─── Given data ───
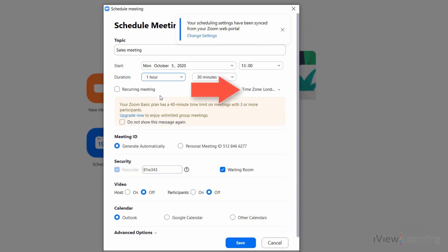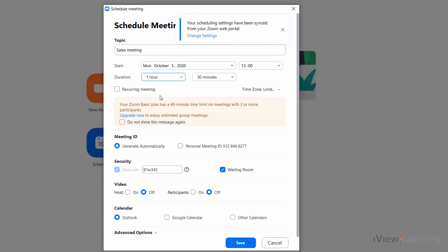Set the time zone if required. If you don't want a waiting room, untick. If you want yours and the participant's video to start automatically, check these options.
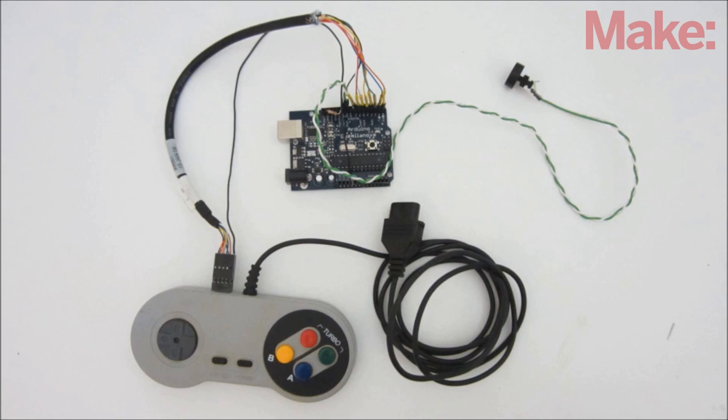Today, I'm going to show you how you can use an Arduino to modify a video game controller and make preprogrammed combo buttons.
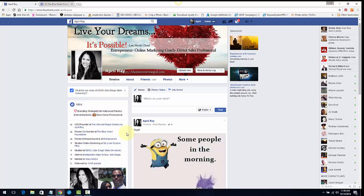Let people know that you are in business. Don't play hide-and-seek with your business page. That's it — I will see you in the next video. Bye bye for now!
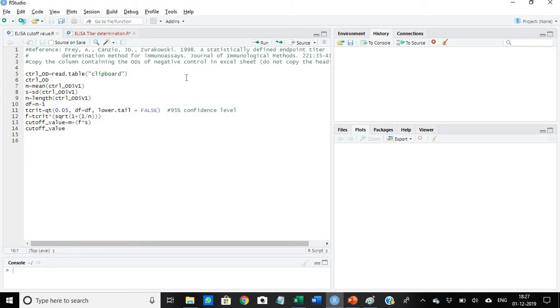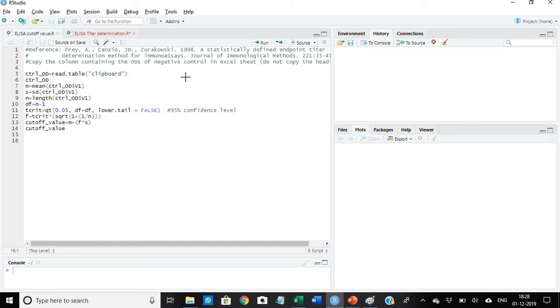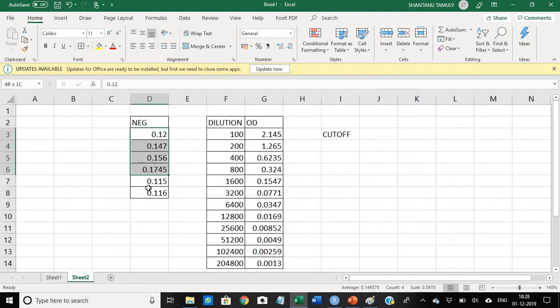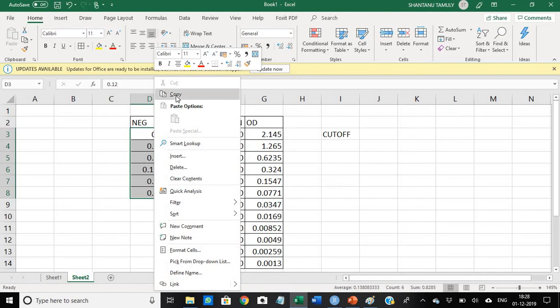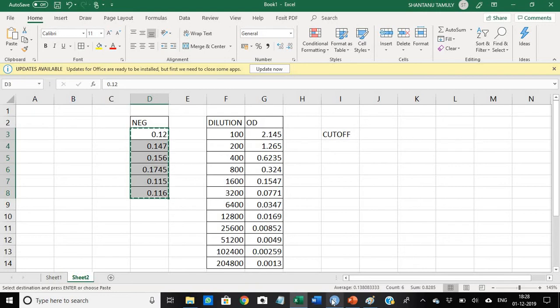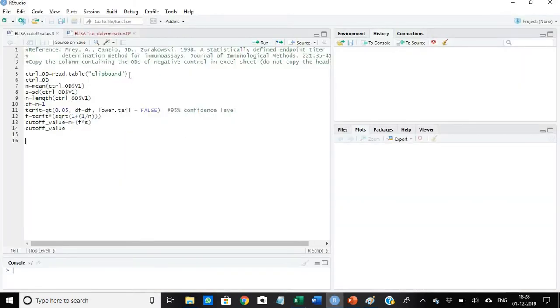What we are to do, simply this is the R script I have developed and the link to this R script is present in the description box. Just click it and you can download this R script. But before using this particular R script you will have to download the R software program and then install the R Studio. First of all, you will have to select the values of the negative control. I have six values of the negative serum, so I just copy it. Remember you should not copy the header, you should copy only the values.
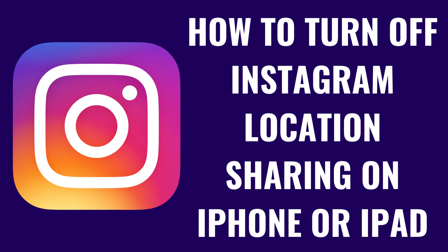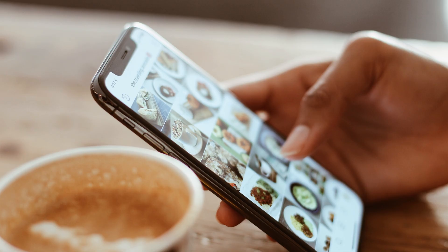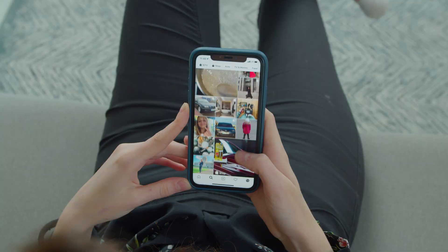I'm Max Dalton, and in this video I'll show you how to turn off Instagram location sharing on an iPhone or iPad. Turning off Instagram location sharing can help protect your personal data and ensure that you're not inadvertently sharing your whereabouts with the world. This is especially important if you often post photos and stories and want to keep your exact location private.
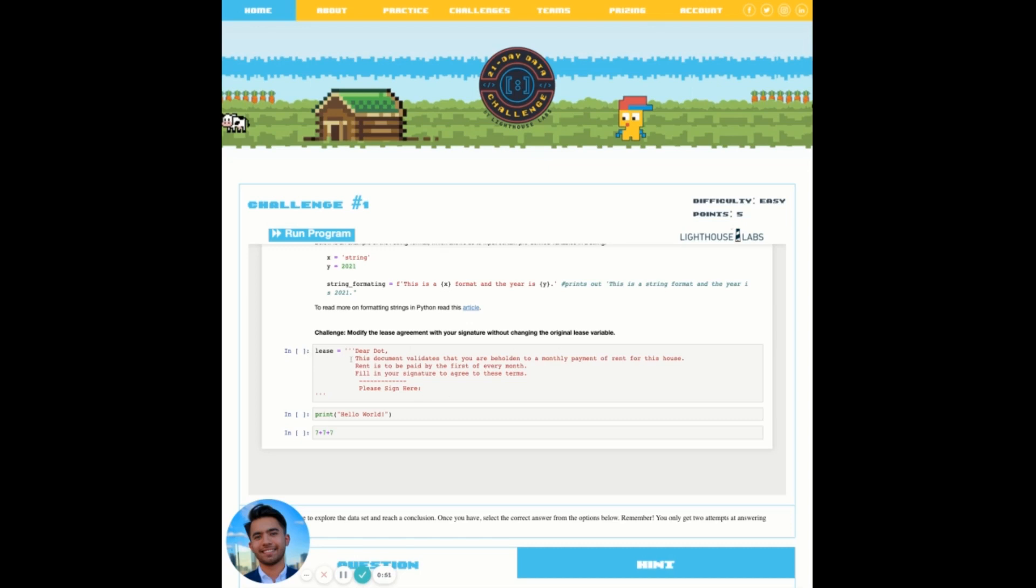When executing this cell, this text data will then be saved to lease in memory. In our second code cell, we have a print statement printing hello world. In our third code cell, 7 plus 7 plus 7, executing it should result with an output of 21.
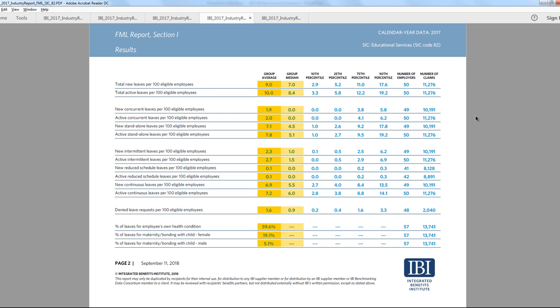Our FMLA reports include leave incidence and duration measures for concurrent and standalone leaves, as well as intermittent, reduced schedule, and continuous leaves. We also provide metrics focused on why leaves were taken, as well as a breakout of duration results by state.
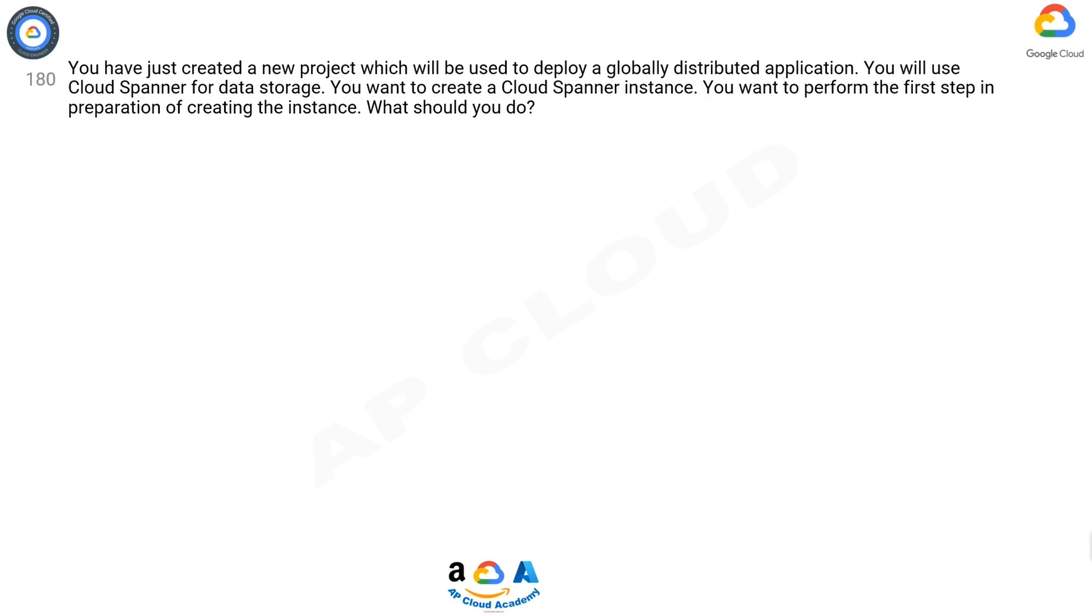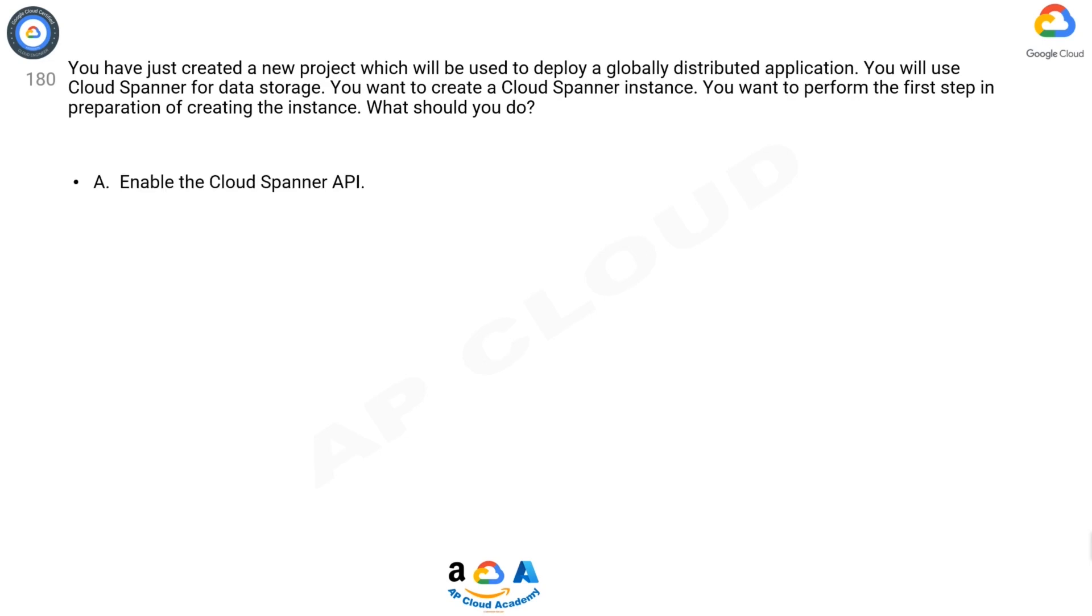Question 180: You have just created a new project which will be used to deploy a globally distributed application. You will use Cloud Spanner for data storage. You want to create a Cloud Spanner instance. You want to perform the first step in preparation of creating the instance. What should you do? A: Enable the Cloud Spanner API. B: Configure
───
**Work request**. Transcribe, word for word, the stretch of lines in the data above from the one with "When executing this" through the one with "Our FMLA reports"; omit all pictures.

**Solution to the exercise**.
When executing this cell, this text data will then be saved to lease in memory. In our second code cell, we have a print statement printing hello world. In our third code cell, 7 plus 7 plus 7, executing it should result with an output of 21.
Our FMLA reports include leave incidence and duration measures for concurrent and standalone leaves, as well as intermittent, reduced schedule, and continuous leaves. We also provide metrics focused on why leaves were taken, as well as a breakout of duration results by state.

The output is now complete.